With AP1 having developed its own internal infrastructure, factor models, and strategies, the team also decided to introduce its own ESG factor. “Within our multi-factor portfolio, we have a dedicated factor that reflects a company’s comprehensive ESG profile,” explains Sheludchenko. This ESG project was developed in collaboration with AP1’s sustainability team, with the objective of identifying “specific features that we believe align best with the fund’s overall strategy in the long run.” This ESG factor has become one of the many company aspects considered when constructing the portfolio.
“Within our multi-factor portfolio, we have a dedicated factor that reflects a company’s comprehensive ESG profile. We view ESG characteristics as an integral part of a company’s attractiveness.”
Dmytro Sheludchenko, Senior Portfolio Manager within Asset Allocation and Systematic Strategies at AP1
“We view ESG characteristics as an integral part of a company’s attractiveness,” elaborates Sheludchenko. The team considers the ESG factor along with value, momentum, and other factors, but when all else equal, “the ESG factor will tilt the portfolio to more sustainable companies, at least how we define them,” he explains. “In this way, we transitioned from using a simple filter to a more integrated approach by introducing the ESG factor in 2020.”
The decision to develop their own ESG factor was driven by issues such as limited data, data accuracy, low data frequency, and the lack of a clear definition of ESG. “We are personally very positive about ESG and sustainability, but there are still issues for us as a quantitative investor,” notes Sheludchenko. “Data is a significant issue.

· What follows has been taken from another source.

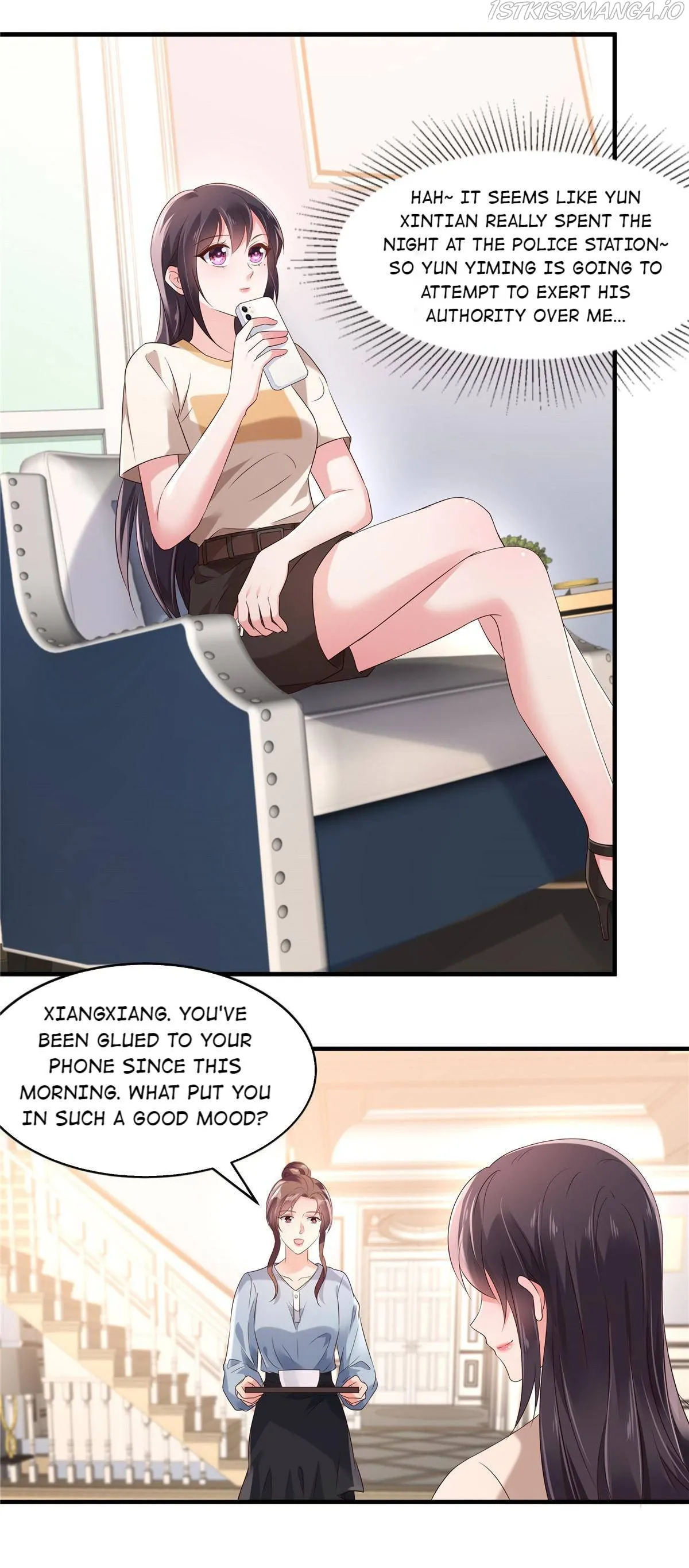 Rebirth Meeting: For You and My Exclusive Lovers Chapter 65 Online - página 11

You can now get ten years of good data, but it’s still not enough data,” he points out. “Data frequency is still quite low, and the biggest challenge is the lack of clear definition of what constitutes ESG,” continues Sheludchenko. “We define it in our way, which we feel is the best way, but for us, as a quantitative investor, this will be a challenge unless there is a more standardized way to define ESG across the industry.”